Она покачала головой:
— Продолжайте, я люблю слушать умные разговоры.
— Это большая редкость у женщин… — бесхитростно похвалил Анди веснушчатую девицу. — Мы подумали, а что, если Итка отправится за козлом в Прагу, ну, когда она получит письмо от той знаменитой певицы, что, мол. забудь о козле, что мы с ним поженимся.
Я с удовлетворением наблюдал, как у Яны перехватывает дыхание даже после столь краткого погружения в сюжет. Она совсем было собралась задать вопрос, но я ее опередил:
— Ага, она, значит, объявляется в Праге, и на тебе! — становится знаменитой?
— Да, — просиял Анди, — точно! Видно, что это все было как-то заложено в структуре сюжета, ну, этот мотив, — раз ты все понял так, как надо!
— Наверное, — согласился я, — наверное, оно там и впрямь было заложено.
— Отлично, — с облегчением произнес Анди, — и конец, значит, меняется. Мужик опять в деревне и работает механизатором, но при этом знает, что Итка его простила и что, скорее всего, вернется к нему.
— Как это — скорее всего?
— Ну, кончается все тем, что Итка уезжает на смотр молодых талантов, а что потом будет — неизвестно. Такой, понимаешь ли, открытый финал, чтобы это не была схема.
— Нет, теперь уж точно не будет, — горячо согласился я; — какая там схема! Это будет сама жизнь. Такая хорошая, реалистичная, ну, серьезно, — быстро добавил я, потому что по лицу Анди пробежала тень подозрения.
— Мы все еще над этим работаем, — озабоченно сказал Анди, — а завтра уже премьера. Да, чтобы не забыть. — Анди порылся в бумажнике и положил перед нами два красиво отпечатанных приглашения. — Обязательно приходите.
— Придем, — пообещала за нас обоих Яна, — начало в семь?
— В семь, — сказал Анди, — но это еще тот, старый вариант. Постепенно станем переделывать. Будем прислушиваться к мнению публики, как говорит Томаш… Да! — ударил себя по лбу Анди, — черт побери, чуть не забыл еще одну вещь. Он сказал, если я вдруг тебя увижу, чтобы ты к нему обязательно зашел. Что-то страшно важное.
— Спасибо, Анди, — кивнул я, — обязательно заскочу к Томашу.
Чего он от меня хочет?

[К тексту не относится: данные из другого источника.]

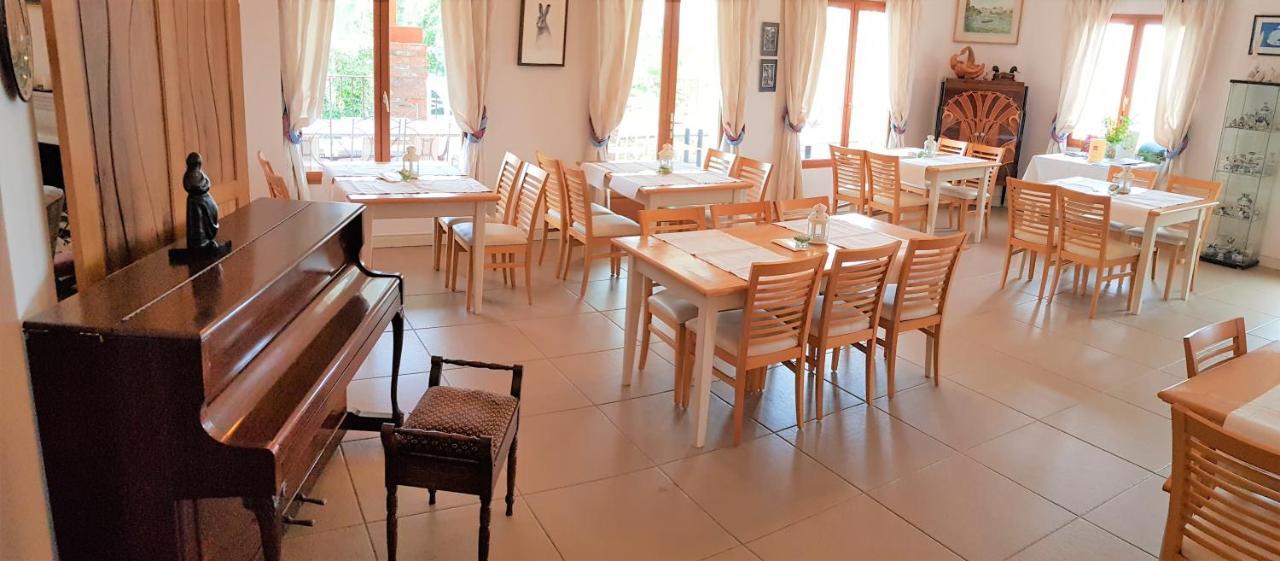 Lagou Raxi Country Hotel Лафкос Екстер'єр фото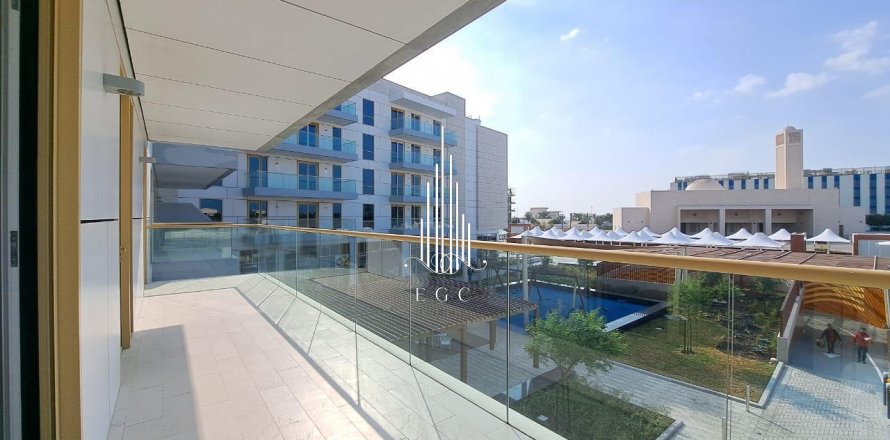 Byt na Saadiyat Island, Abu Dhabi, SAE 2 ložnice, 150 m² Č.: 507024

Наверняка это как-то связано с сегодняшним допросом. И касается Бонди.
— Ну ладно, — поднялся Анди, — я полетел. Завтра увидимся, — многообещающе подмигнул он. — Рад был познакомиться, Яночка. Будь здоров, Честмир!
— Я тоже, — сказала Яна, и мы с Анди обменялись рукопожатием.
— Расплатимся, ладно? — предложила юная Грешная. Уже на улице ее передернуло:
— Тяжелый случай, правда?
— С ним бывает так весело, — возразил я. — Во всяком случае, я всегда веселюсь.
Яна пожала плечами.
— Ты меня проводишь?
— Если хочешь.
Она, оказалось, жила совсем недалеко от меня. Мы в нерешительности остановились перед подъездом.
— В это время обычно возвращается папа.
— А-а, — сказал я, — тогда пока!
Я протянул Яне руку и внимательно огляделся по сторонам. Она засмеялась:
— Поцелуй меня, Честмир.
Я сдержанно поцеловал ее в лоб и медленно направился обратно на остановку. Поеду к Гертнеру.
— Выпьешь?
Томаш протянул мне рюмку. Под глазами у него были круги, и рука дрожала.
— Честмир, я должен с тобой посоветоваться.
— Ну так говори.
— Сегодня с утра меня допрашивал Грешный.
— Знаю. — Я сел в кресло.
— Значит, ты знаешь, что я ему сказал. И не сердишься на меня?
— За что?
— Ну, что не сказал тебе.
— Не я же расследую убийство.
— Конечно, — гнул свое Том, — но я мог сказать тебе об этом еще в понедельник.
— Наверное, у тебя была какая-то причина промолчать. — Я посмотрел на Зузанину фотографию за спиной Томаша.
— Это правда, причина была, — голос у Тома задрожал, — и я расскажу о ней только тебе.
— Постой, — недоумевал я, — ты же все рассказал капитану, или не так?
— Нет, — покачал головой Том, — не все. Только половину.
— Как это?
— Послушай, — у Тома возле краешков губ пролегли складки, — не догадайся я кое о чем вовремя, так молчать мне, скорее всего, до самой смерти!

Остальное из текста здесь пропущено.